While it's possible to get some optimization by adding a "peephole" optimizer in the output stage, many useful optimizations are possible only looking at code from an higher point of view.
Also even the bare machine code generation could benefit by seeing more code, for example to decide which register assign to what or to decide which of the possible assembler implementations would be convenient for a specific code pattern.
For example the same expression could be compiled by an optimizing compiler to
mov eax, dword ptr x
sub eax, 3
imul dword ptr y
inc eax
Nine times out of ten you'll save the AST in memory for whatever you are doing after lexing and parsing are done.
Once you have an AST you can do a number of things:
Evaluate it directly (perhaps using recursion, perhaps using your own custom stack)
Transform it into some other output, such as code in another language or some other type of translation.
Compile it to preferred instruction set
etc.
You can create an AST with Dijkstra's Shunting-yard algorithm.
At some point you will have the whole expression or AST in memory though, unless you calculate immediate results while parsing. This works with (sub-)expressions containing only literals or compile time constants, but not with any variables calculated at runtime.
So should I save a tree in memory or just use recursive calls;
You'll use recursive calls in your parser to build the tree in memory.

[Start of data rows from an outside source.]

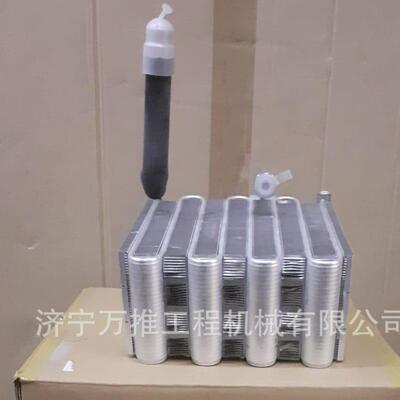 推土机D65E-12蒸发器芯ND447600-6200蒸发箱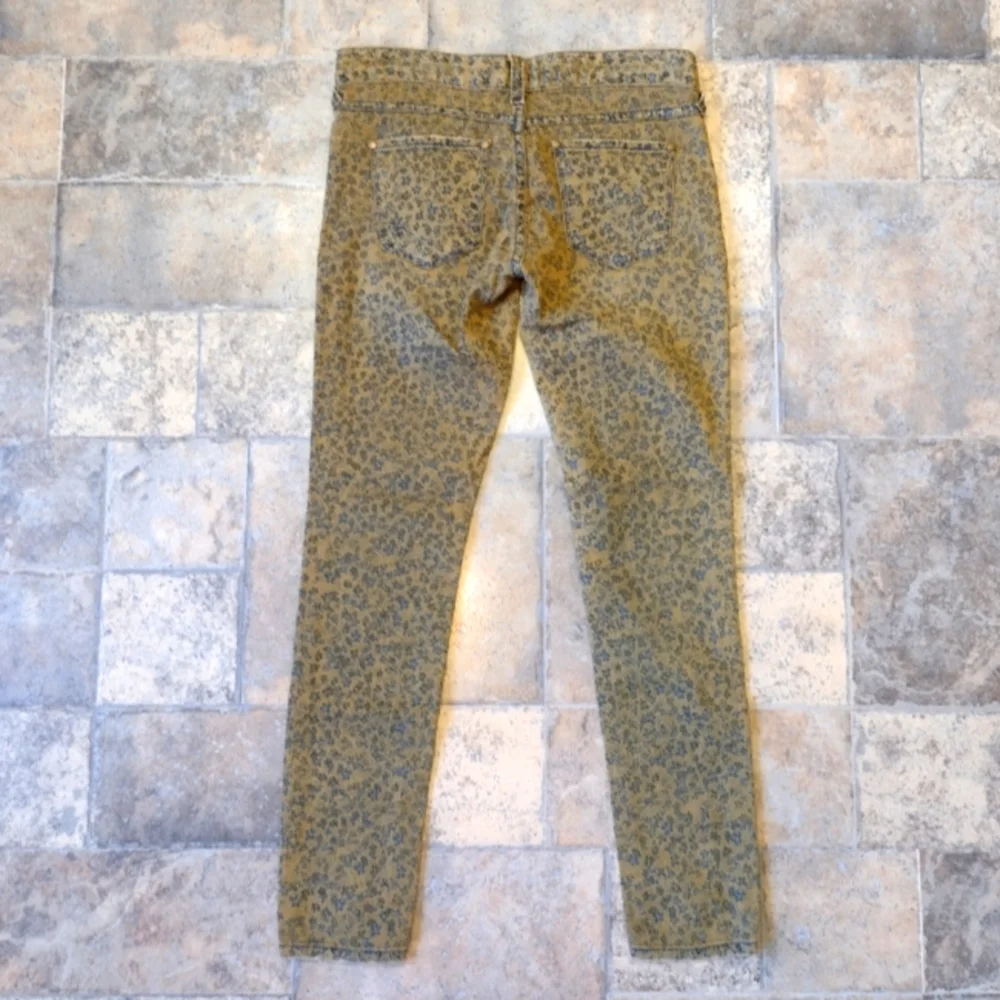 Free People mustard blue floral skinny jeans size 26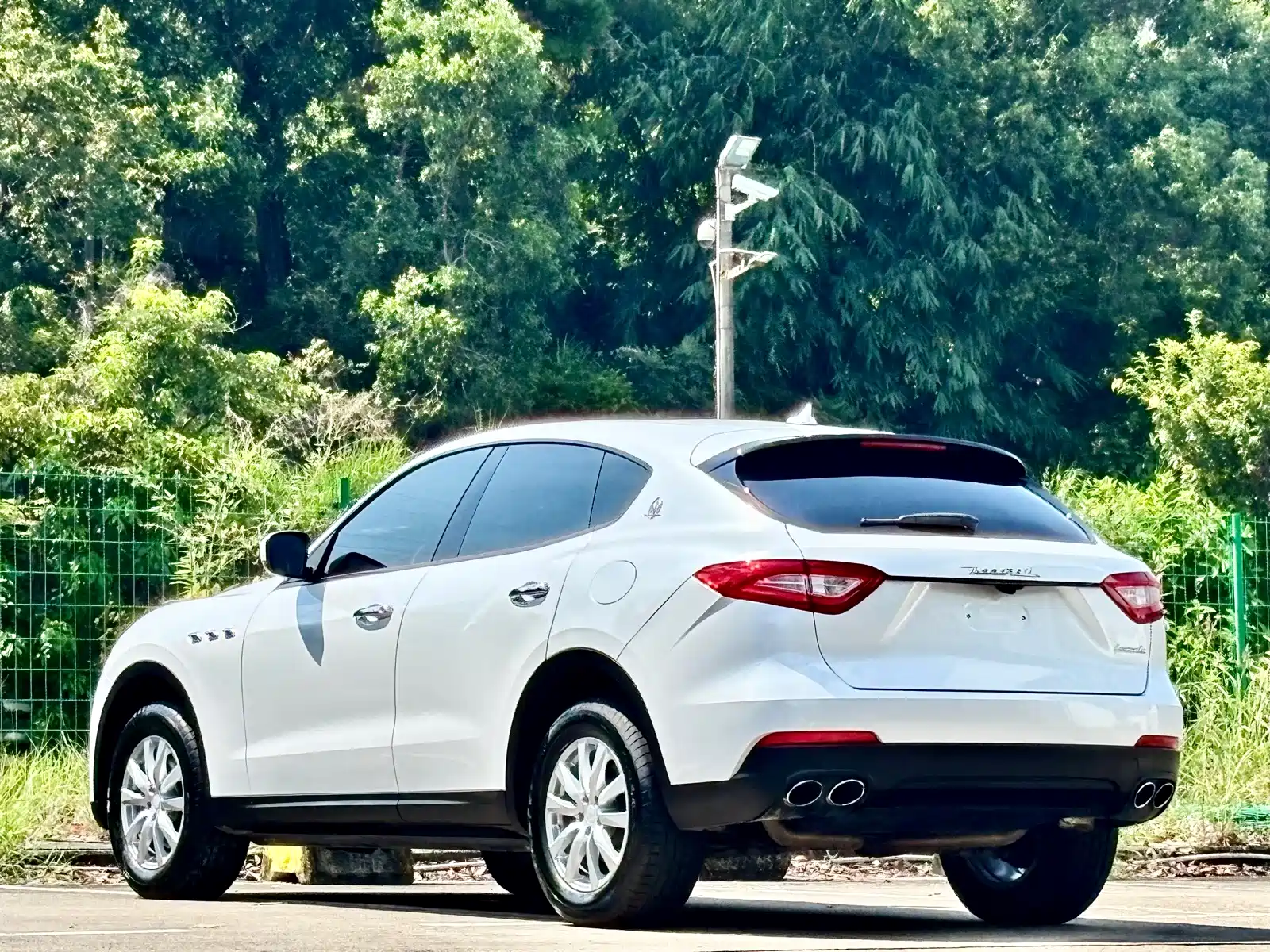 Photo 16 - Maserati Levante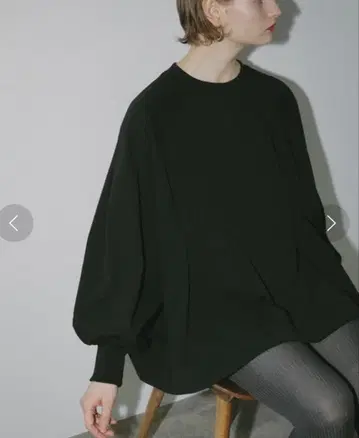 [ MANOF ] WAIT TUCK VOLUME SLEEVE SWEAT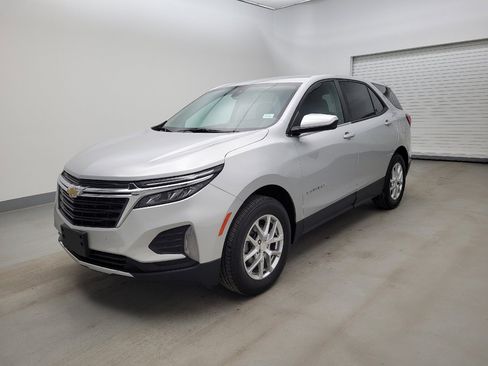 Used 2022 Chevrolet Equinox LT image 2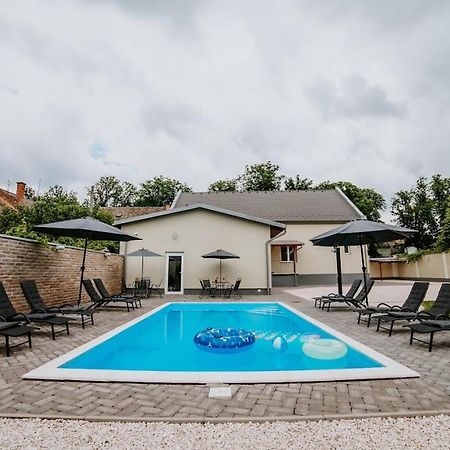 Ella Sun Apartman Мако Экстерьер фото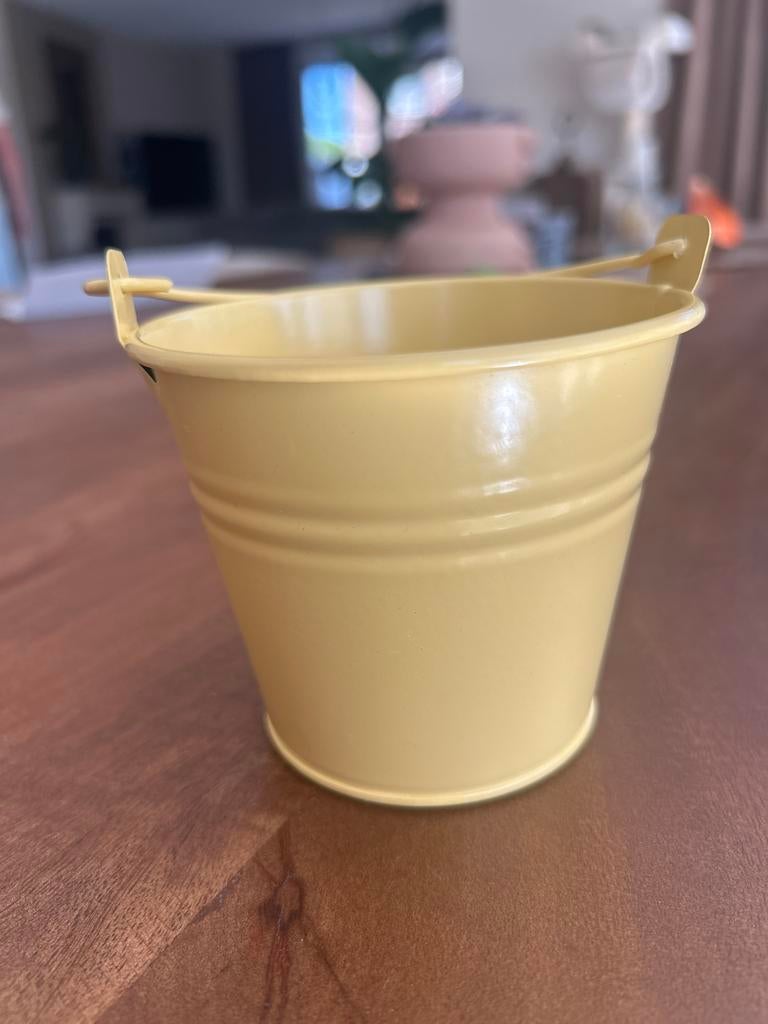 Gele emmertjes te koop, Ophalen, Gebruikt, IJzer, Met handgreep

And of course, you want to keep the tree in memory to process it.
An optimizing compiler keeps several representations of the code in memory (and transform them).
The answer to the question depends on whether you want a compiler, an interpreter, or something in between (an interpreter wrapped around an intermediate language). If you want an interpreter, a recursive descent parser will at the same time evaluate the expression, so there is no need to hold it in memory. If you want a compiler, then a constant expression like the example can and should be optimised, but most expressions will operate on variables, and you need to convert to tree form as an intermediate step before converting to a linear form.
A hybrid compiler / interpreter will usually compile expressions, but it doesn't have to. It's often a cheap way of writing a program which outputs an executable to simply wrap the interpreter up with the source code. Matlab uses this technique - code used to be genuinely compiled but there were problems with consistency with the interactive version. However I wouldn't allow the difficulty of generating a parse tree for expressions determine the issue.